Cloud Strife stood in the library of the house in Grosvenor Street, listening resignedly to Lord Fair – Zackary Sr. – bellowing at his son in a room upstairs. The argument had begun over breakfast, when Lord Fair had enquired as to how dinner at the Gainsboroughs' had gone, and then claimed to have detected a distinct lack of enthusiasm in Zack's response. Zack had then admitted that enthusiasm was not a feeling he usually experienced while contemplating his coming marriage, after which the room had gone deadly silent for a few tense seconds before the shouting had begun. Cloud had wisely chosen to stay out of it, and had discreetly called for some wine before attempting to get as drunk as possible in the hope that it would make the morning easier to tolerate. He had caught various words and phrases which streamed from his lordship's mouth such as "an utter disgrace", "complete lack of concern for the family honour" and even "ungrateful little tart" which had rather amused him. As much as Cloud loved his friend, he couldn't help but relish in the times that it was Zack having his eardrums split open and not he. Of course, being the future baron the expectations put on Zack were far higher than those put on Cloud. Cloud was one of those peculiar people skirting the border between the middle- and upper-classes; he had been taken in by a baron, schooled at Eton and Cambridge, and mixed with the very highest society: yet the fact was he had no family, no land or money, and as such could not easily marry well though he could not be expected to marry poorly.

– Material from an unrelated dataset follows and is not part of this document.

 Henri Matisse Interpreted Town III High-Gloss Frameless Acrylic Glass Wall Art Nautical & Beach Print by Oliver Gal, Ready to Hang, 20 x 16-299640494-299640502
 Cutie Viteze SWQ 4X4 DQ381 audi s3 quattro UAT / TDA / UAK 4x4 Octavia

By now, Cloud was beginning to tire of the shouting match upstairs. He wanted very much to depart for Oxfordshire, but unfortunately it was to this very subject that the argument had now turned. Cloud looked up at the ceiling, deciding to tune in to what was being said.

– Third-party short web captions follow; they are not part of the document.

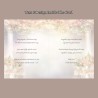 Large Indian Wedding Day Card & Gift Tag Approx 11x8"/ Celebration, Marriage,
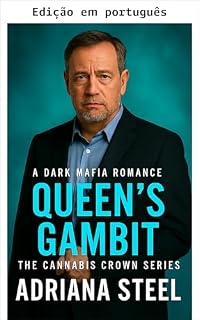 Livro Gambito da rainha (Série Coroa de cannabis Livro 6)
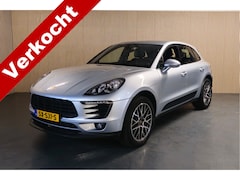 Porsche Macan - 2.0 - Stoel/Stuurverwarming - 20'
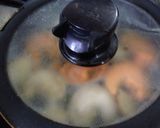 ホタテの子の味噌煮作り方4写真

"I will not hear of it! I sanctioned your going to Blenheim, yes, but there was absolutely no mention of Cloud going too!"

Cloud closed his eyes, a pained expression on his face, and muttered, "Oh god, please no." The thought of being left alone with Lord Fair for weeks on end was inconceivable, what with Lady Fair being in Venice and… all.

"But, father, he will be perfectly safe. I will be with him–" Cloud heard Lord Fair snort at this, "–and Lord Hewley be there too. You liked Lord Hewley, don't you remember?"

"I approved of him, certainly. However a penniless, pretty young man such as Cloud cannot be safe among these older gentlemen, and that's without considering his own poor judgement. If Cloud runs off with – I don't know – some chambermaid or something then I will be the one having to pay reparations."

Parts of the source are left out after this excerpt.